Even with all the hype around streaming, traditional TV still dominates ad spend. Advertisers are putting $139 billion into linear ads this year, compared to just $33 billion for ads on streaming/connected TV.

With no way to track individual behavior among traditional TV viewers, it’s difficult to determine whether all that spending gets results. New research from the University of Notre Dame helps determine the return on investment for TV ads, ironically by using digital data. By combining massive datasets that track exactly what households watch and buy second by second, the study separates the real impact of TV ads from other factors.

Traditional methods of measurement, which rely mostly on ratings and aggregate market data, appear to overestimate ad effectiveness by 55 percent in a study of advertising for food delivery services, according to Shijie Lu, the Howard J. and Geraldine F. Korth Associate Professor of Marketing at Notre Dame’s Mendoza College of Business. Lu’s research, “Leveraging Large-Scale Granular Single-Source Data for TV Advertising: An Identification Strategy,” is published online in Marketing Science.

Imagine that a household watches only part of a live game. If a food delivery ad airs during the portion they watched, they may see it; if it airs earlier or later, they may miss it. That timing difference creates a kind of natural experiment, helping the researchers isolate the ad’s true effect from other factors, such as which households were already more likely to order food. Researchers could not easily do this before with traditional TV measurement. Smart TV tracking now provides second-by-second household viewing data, making this kind of measurement possible at a much finer level.

Using LG smart TV data, Lu and co-authors Tsung-Yiou Hsieh from Oklahoma State University and Rex Yuxing Du from the University of Texas at Austin analyzed the viewing habits of millions of people who opted in to sharing their viewing data, letting the researchers see exactly what was on peoples’ screens — broadcast networks such as NBC and ABC, specifically over a four-month period. The study didn’t track streaming apps like Hulu or Amazon. LG watched what viewers watched and connected that data to people’s food delivery app usage to measure ad impact.
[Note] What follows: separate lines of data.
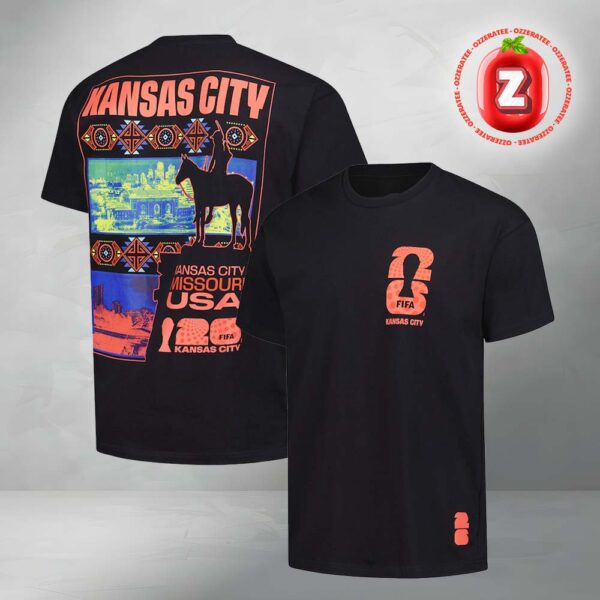 2026 FIFA World Cup Outerstuff Kansas City Host City Local Two Sides Unisex T-Shirt
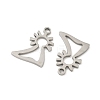 201 Stainless Steel Laser Cut Charms STAS-P428-10P-01-2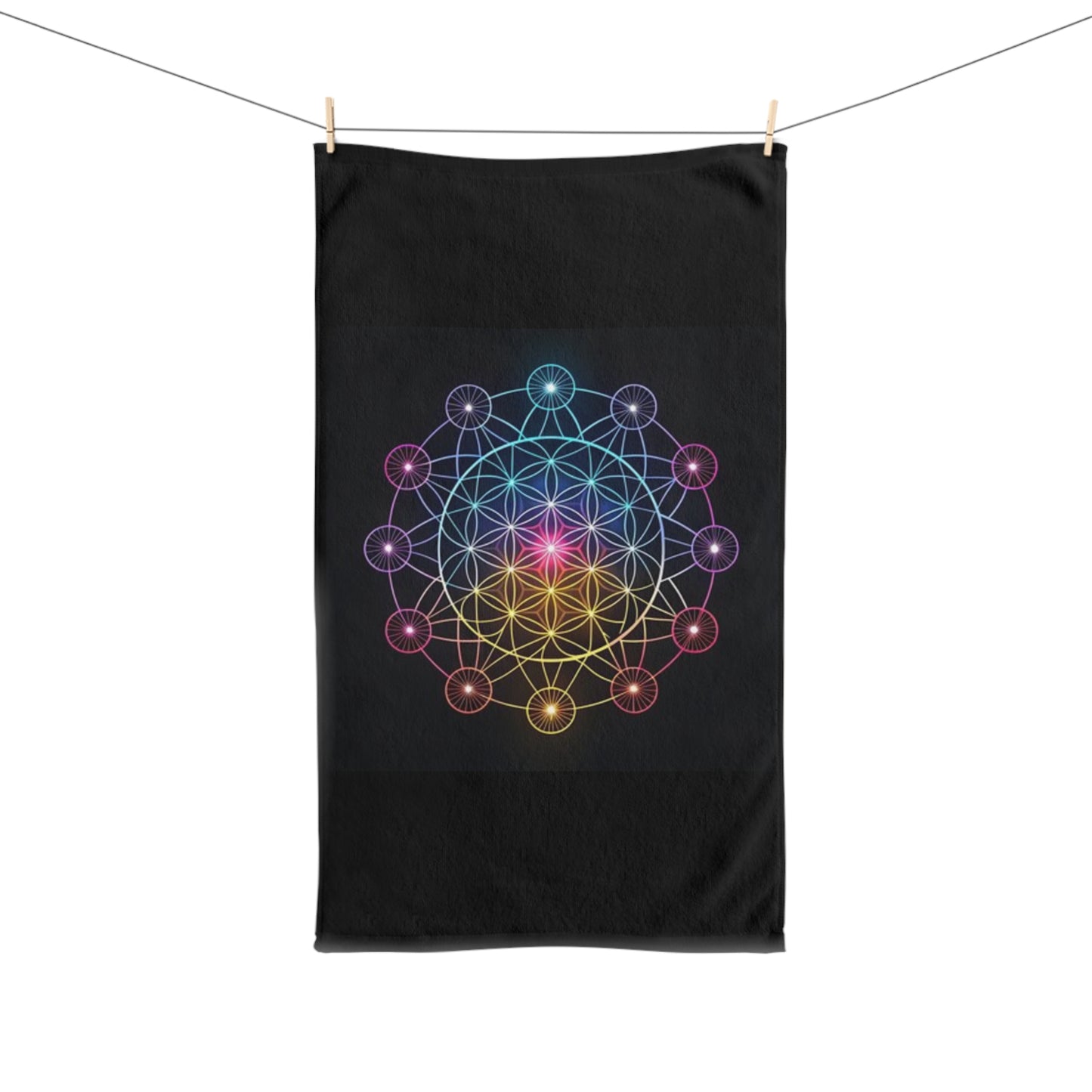 Mandala-Inspired Hand Towel for Spiritual Wellness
“This is a game-changer,” Lu said, “because we can now link precise TV viewing data with real purchase history to measure TV ad effectiveness more credibly.”

“Brands are overestimating their campaigns and wasting money on ineffective placements,” he said. “We show TV ads are only about half as effective as we thought. When corrected, the real sales impact is much lower, which has important implications for how advertisers evaluate performance and allocate spending.”
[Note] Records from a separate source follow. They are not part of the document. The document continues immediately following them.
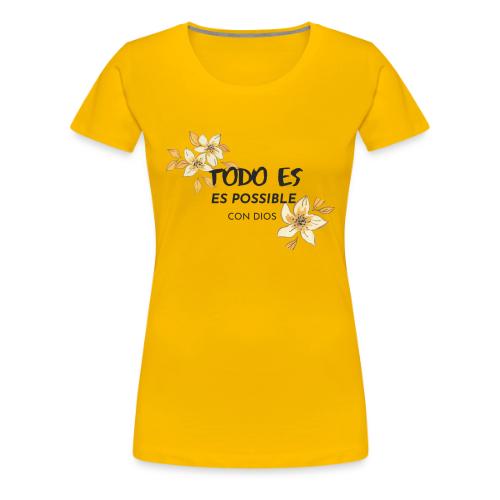 TODO ES - Women's Premium T-Shirt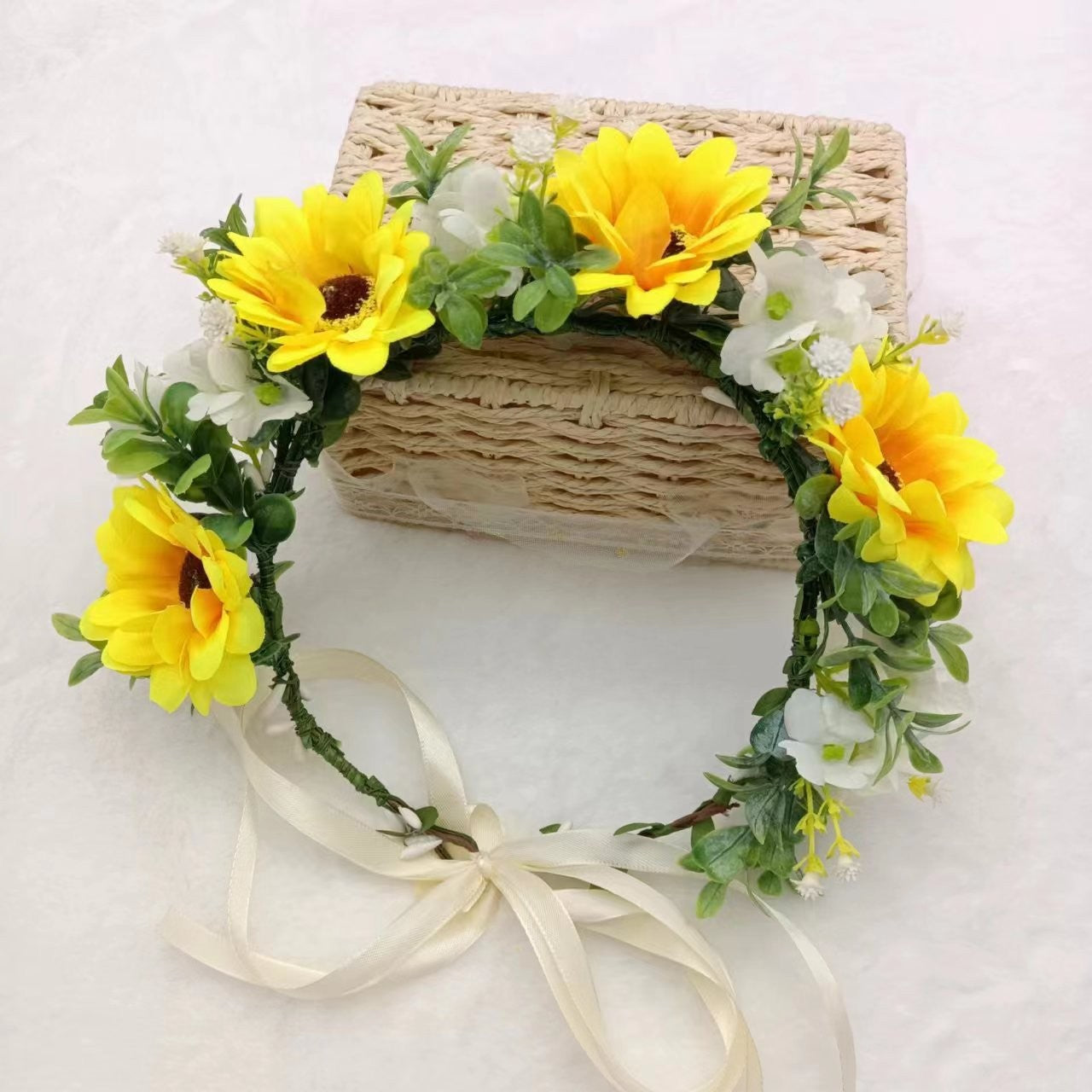 Diadema de Corona de Sol Hawaiana para Ocasiones Elegantes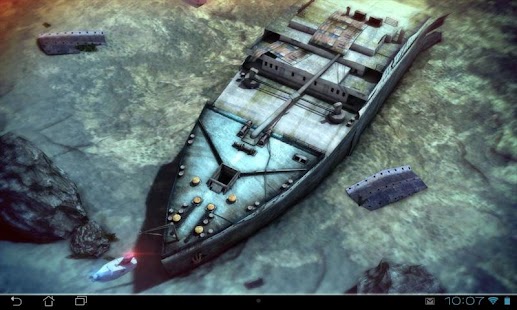 Titanic 3D Pro live wallpaper Screenshot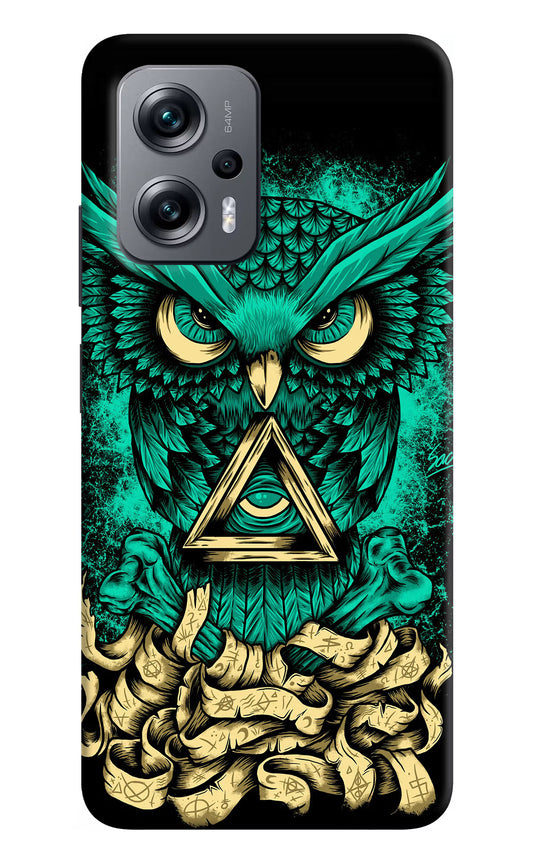 Green Owl Redmi K50i Hard Case Back Cover by Casekaro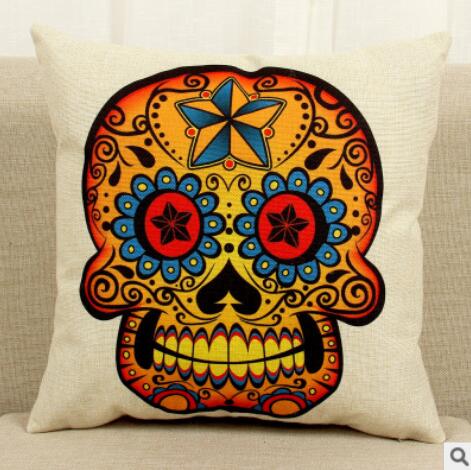 Cojines de tela con patrón calavera - Image 5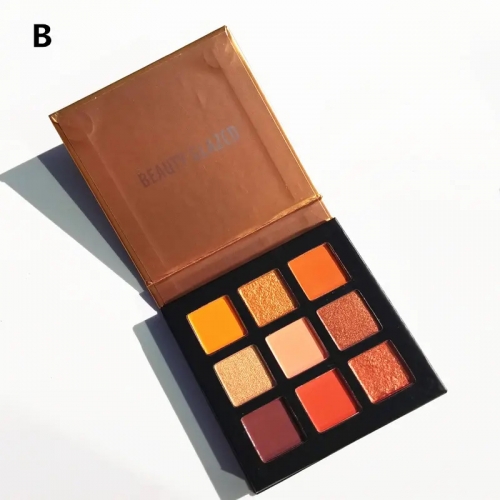 Palette de fards à paupières mat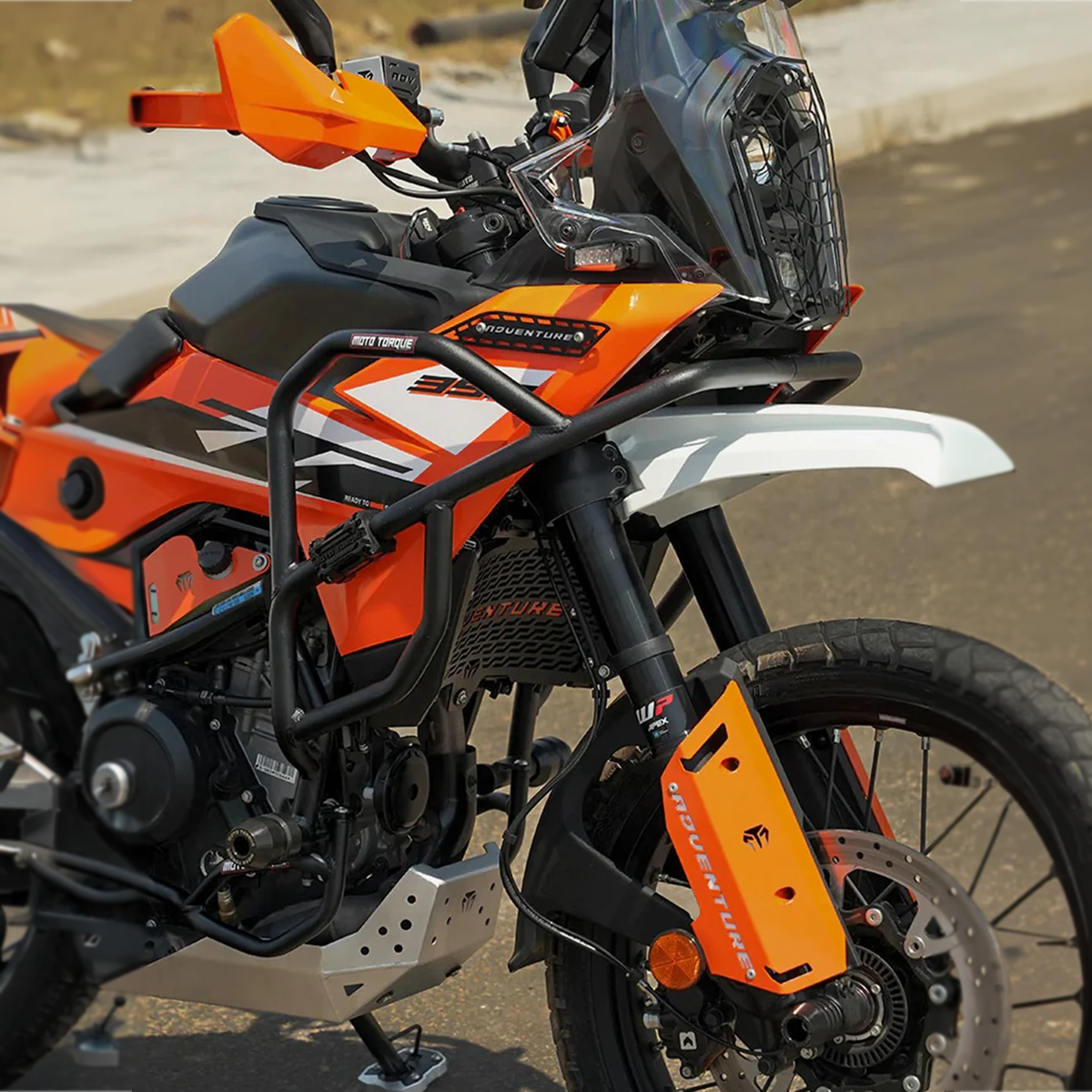 Moto Torque KTM 390 ADV X Crash Guard Black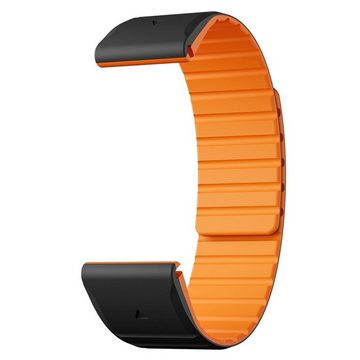 CoverKingz Handyhülle Armband für Garmin Fenix 5/5X/6X/7X Silikon Ersatzband magnetisch, Wellendesign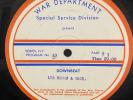 RARE 16” TRANSCRIPTION RECORD Les Brown Downbeat WWII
In addition to showing that traditional measures greatly overstated the effects of TV ads, the new measurement method revealed additional insights that could help companies better target their ads.

Data show that promotions for first-time buyers increase retention. Viewers’ responsiveness to ads peaks within two days of purchasing food on a delivery app, with the highest engagement rate found among customers who have ordered two to four times previously. Young, tech-savvy sports fans are better prospects than older news viewers.

“The old ways of measuring TV ads are missing an important part of the picture, because they do not fully account for who is more likely to see ads and who is more likely to buy,” Lu said.

Traditional TV ad tracking confuses ad effectiveness with pre-existing habits (like who is already likely to buy or who watches a lot of TV), leading to inflated results. This research fixes that by isolating the random timing of ad slots within shows, allowing the team to accurately measure the true sales lift of TV ads and determine how that impact varies based on a customer’s history.

The study provides a powerful tool for more precisely measuring the return on investment of TV advertising. By targeting ads based on what viewers actually buy — not just demographics like age or gender — this approach brings digital-level precision to TV.